MATERIAL FOR THE TASK
==============================
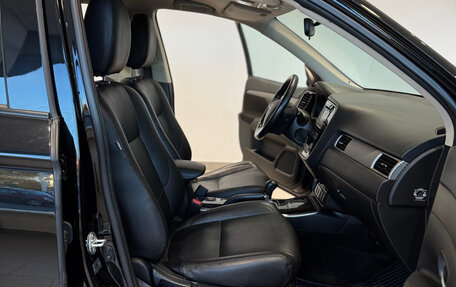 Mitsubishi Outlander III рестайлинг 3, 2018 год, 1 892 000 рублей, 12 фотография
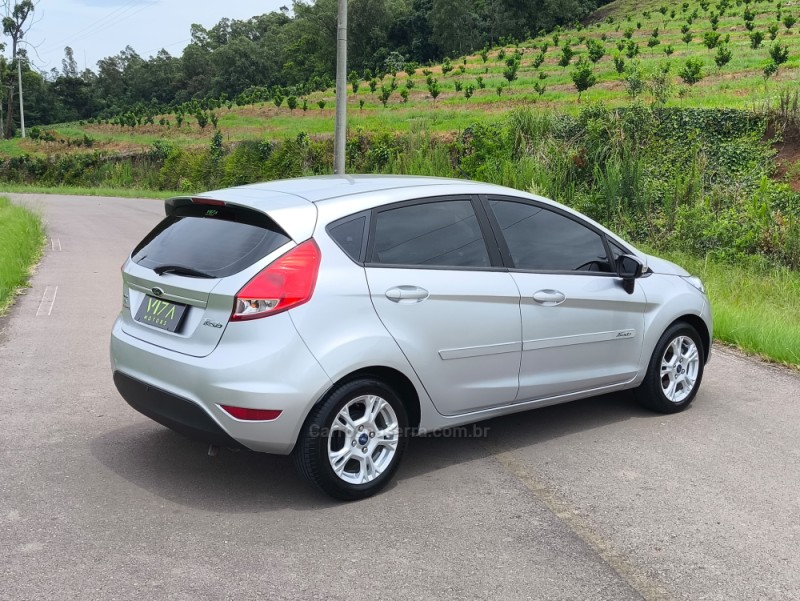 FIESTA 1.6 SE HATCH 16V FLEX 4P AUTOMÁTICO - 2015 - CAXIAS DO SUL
==============================
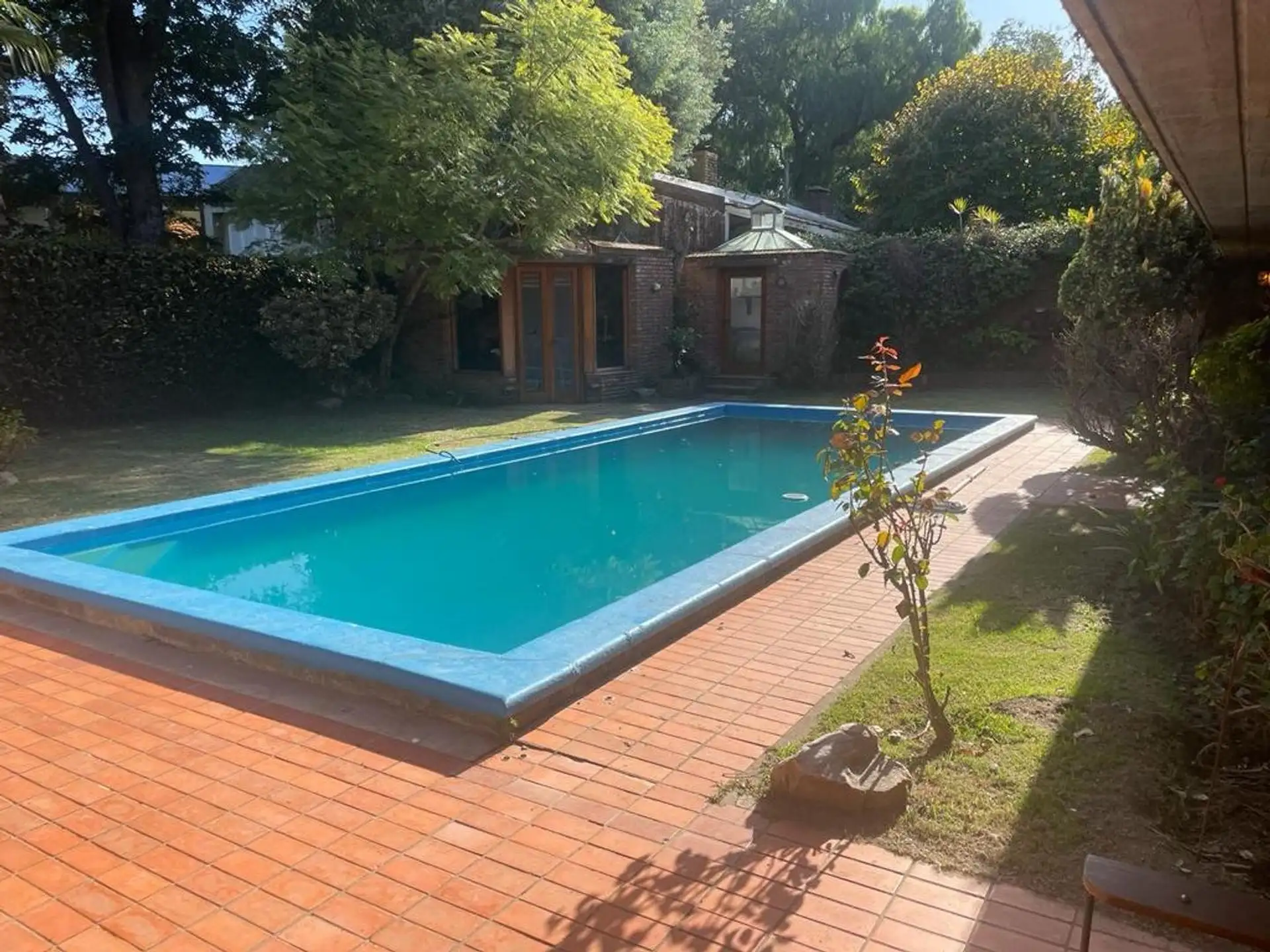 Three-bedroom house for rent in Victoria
==============================
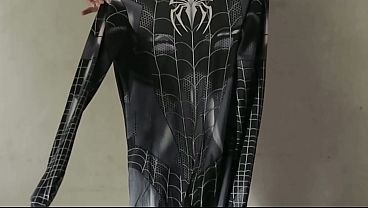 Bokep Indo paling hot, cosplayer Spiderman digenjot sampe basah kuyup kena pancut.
==============================
YOUR OBJECTIVE
Return only the stretch above from the line containing "Mitsubishi Outlander III" through the line containing "FIESTA 1.6 SE", word for word and without pictures.

EXERCISE OUTPUT
 Mitsubishi Outlander III рестайлинг 3, 2018 год, 1 892 000 рублей, 12 фотография
 FIESTA 1.6 SE HATCH 16V FLEX 4P AUTOMÁTICO - 2015 - CAXIAS DO SUL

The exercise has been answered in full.